インタビュー
【特別企画】新たなフィギュア世界を提示する造形! 「S.H.Figuarts ブルース・リー」
2015年8月14日 00:00
“眼力”を感じさせるリアルな造形を、マスプロダクトで実現できる技術
エム アイ シーはバンダイをはじめ様々なメーカーとビジネスを展開する造形メーカーだ。アニメキャラクターだけでなく、プロ野球選手のスタチューなども手がけている。そういった造形ノウハウと技術を、バンダイのアクションフィギュアで活かせないか、というところで、バンダイとエム アイ シーで「ブルース・リー」の企画が生まれた。日本のみならず香港や中国、アメリカのS.H.Figuartsでのマーケットを考え、商品化を進めていくこととなった。

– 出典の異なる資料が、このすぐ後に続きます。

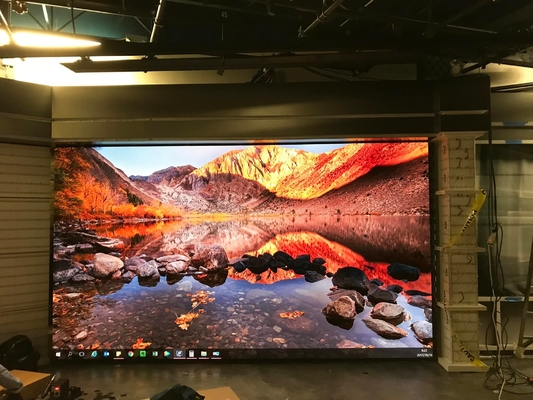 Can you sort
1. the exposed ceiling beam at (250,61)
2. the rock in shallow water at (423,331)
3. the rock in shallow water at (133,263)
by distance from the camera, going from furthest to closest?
the rock in shallow water at (133,263) → the rock in shallow water at (423,331) → the exposed ceiling beam at (250,61)

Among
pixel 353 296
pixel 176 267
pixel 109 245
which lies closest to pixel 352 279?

二条氏はブルース・リーに強い思い入れを持っている。出会いは子供の頃のテレビでやっていた映画だった。その後二条氏は大人になってから「没後○○年特集」などで、ブルース・リーが取り上げられていくのを目にして、彼への興味を再認識し、意識的にブルース・リーの截拳道や彼の生涯を調べ、資料を集めてのめり込んでいったという。その想いがフィギュアに込められているのだ。
「知識が深まってくると映画の見方も変わるんですよね。截拳道は映画という媒体で、初めて“総合格闘技”という概念を映画で提示したと言われています。映画のブルース・リーの動き1つ1つに截拳道の思想が活かされているのです」と二条氏は語った。
今回の取材でも二条氏は「平手を前に出し、拳を構える截拳道のこの構えは、敵の攻撃を平手で払い拳をたたき込むポーズなんです」など、濃い解説を入れながらフィギュアのポーズを調整していた。ヌンチャクや棍棒に関しても、こういった武器を映画の中に取り入れたのは、ブルース・リーの弟子にフィリピンの伝統武術「カリ」の達人がいて、そのカリの武器術によるものだという。今回の取材では、二条氏のブルース・リーの濃い知識の一端を知ることができた。
「S.H.Figuarts ブルース・リー」の原型制作は、永尾氏がバンダイ側の担当者と二条氏の熱い想いを受け止めて進行していった。綿密な打ち合わせを重ねながら、永尾氏がこれまで培った造形・アクションフィギュアのノウハウを本作につぎ込んでいったという。その上で、本商品は多くの人に手にとって欲しいフィギュアとして企画された。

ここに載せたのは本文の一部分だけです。